Un matin, le général le fit appeler.

— Lieutenant, dit-il, voici une dépêche du général de Lacère qui est perdu si nous n’arrivons pas à son secours demain au lever du soleil. Il est à Blainville, à huit lieues d’ici. Vous partirez à la nuit tombante avec trois cents hommes que vous échelonnerez tout le long du chemin. Je vous suivrai deux heures après. Étudiez la route avec soin ; j’ai peur de rencontrer une division ennemie.

Il gelait fortement depuis huit jours. À deux heures, la neige commença de tomber ; le soir, la terre en était couverte, et d’épais tourbillons blancs voilaient les objets les plus proches.

À six heures le détachement se mit en route.

Deux hommes marchaient en éclaireurs, seuls, à trois cents mètres en avant.
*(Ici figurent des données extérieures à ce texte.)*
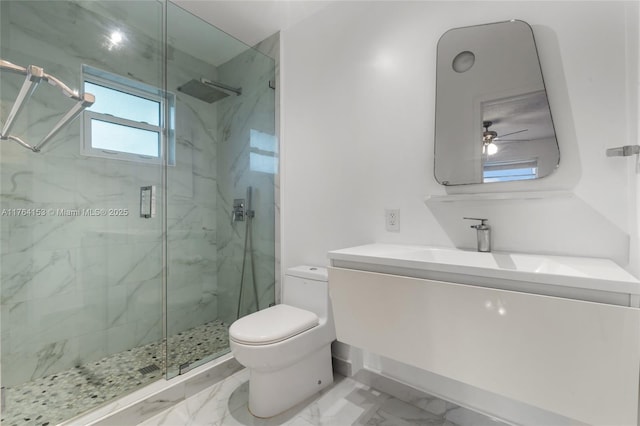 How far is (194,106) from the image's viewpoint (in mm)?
2156

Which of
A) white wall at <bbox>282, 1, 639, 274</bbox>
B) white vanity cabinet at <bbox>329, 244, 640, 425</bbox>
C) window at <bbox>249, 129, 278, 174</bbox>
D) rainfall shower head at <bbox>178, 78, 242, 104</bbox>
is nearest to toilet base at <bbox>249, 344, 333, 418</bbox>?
white vanity cabinet at <bbox>329, 244, 640, 425</bbox>

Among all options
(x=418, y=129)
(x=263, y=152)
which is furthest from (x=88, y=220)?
(x=418, y=129)

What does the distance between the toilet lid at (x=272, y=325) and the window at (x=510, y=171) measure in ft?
3.53

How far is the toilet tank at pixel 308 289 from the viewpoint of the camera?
→ 163 cm

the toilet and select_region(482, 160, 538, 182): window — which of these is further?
the toilet

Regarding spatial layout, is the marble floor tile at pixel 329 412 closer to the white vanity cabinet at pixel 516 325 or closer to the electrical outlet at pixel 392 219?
the white vanity cabinet at pixel 516 325

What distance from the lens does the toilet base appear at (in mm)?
1401

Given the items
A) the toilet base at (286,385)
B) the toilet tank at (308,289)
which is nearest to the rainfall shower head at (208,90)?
the toilet tank at (308,289)

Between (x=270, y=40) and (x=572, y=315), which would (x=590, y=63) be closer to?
(x=572, y=315)

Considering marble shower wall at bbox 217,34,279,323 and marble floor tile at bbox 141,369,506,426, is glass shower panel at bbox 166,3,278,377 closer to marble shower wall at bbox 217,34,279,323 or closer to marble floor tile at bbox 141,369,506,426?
marble shower wall at bbox 217,34,279,323

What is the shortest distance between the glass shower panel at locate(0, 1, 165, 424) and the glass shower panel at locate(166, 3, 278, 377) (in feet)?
0.61

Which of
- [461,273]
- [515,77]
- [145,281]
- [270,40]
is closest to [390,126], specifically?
[515,77]

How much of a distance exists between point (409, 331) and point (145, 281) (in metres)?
1.76

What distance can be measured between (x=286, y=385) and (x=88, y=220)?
1534 mm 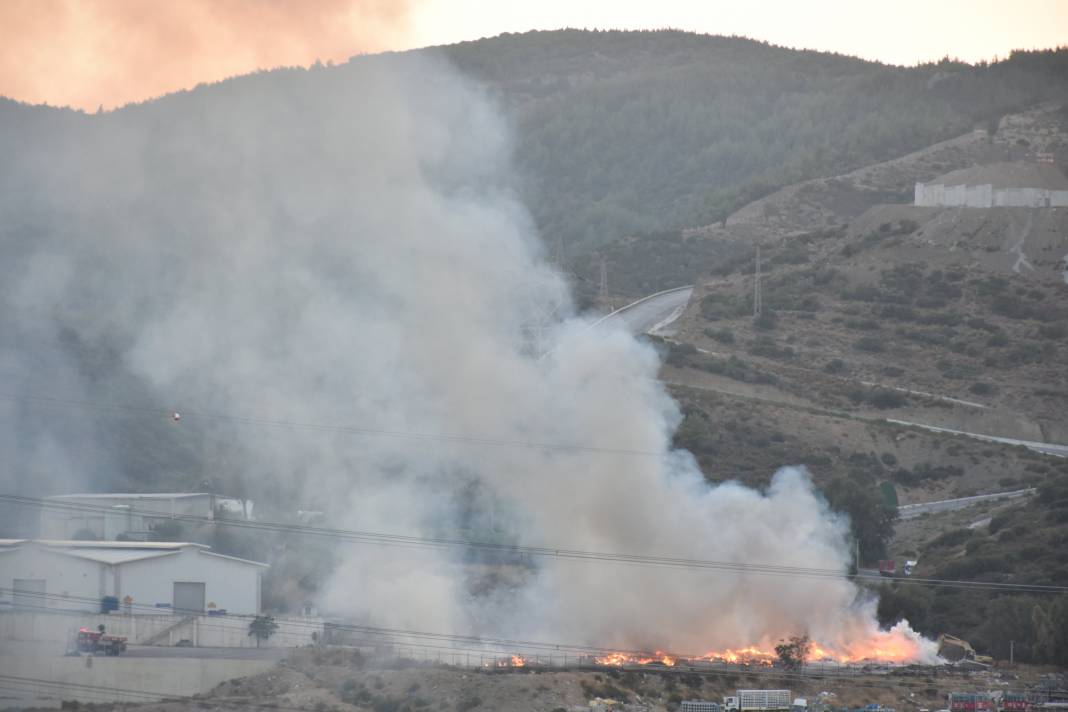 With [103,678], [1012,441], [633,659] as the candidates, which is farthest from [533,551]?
[1012,441]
Puis venait un peloton de dix hommes que le lieutenant commandait lui-même. Le reste s’avançait ensuite sur deux longues colonnes. À trois cents mètres sur les flancs de la petite troupe, à droite et à gauche, quelques soldats allaient deux par deux.

La neige, qui tombait toujours, les poudrait de blanc dans l’ombre ; elle ne fondait pas sur leurs vêtements, de sorte que, la nuit étant obscure, ils tachaient à peine la pâleur uniforme de la campagne.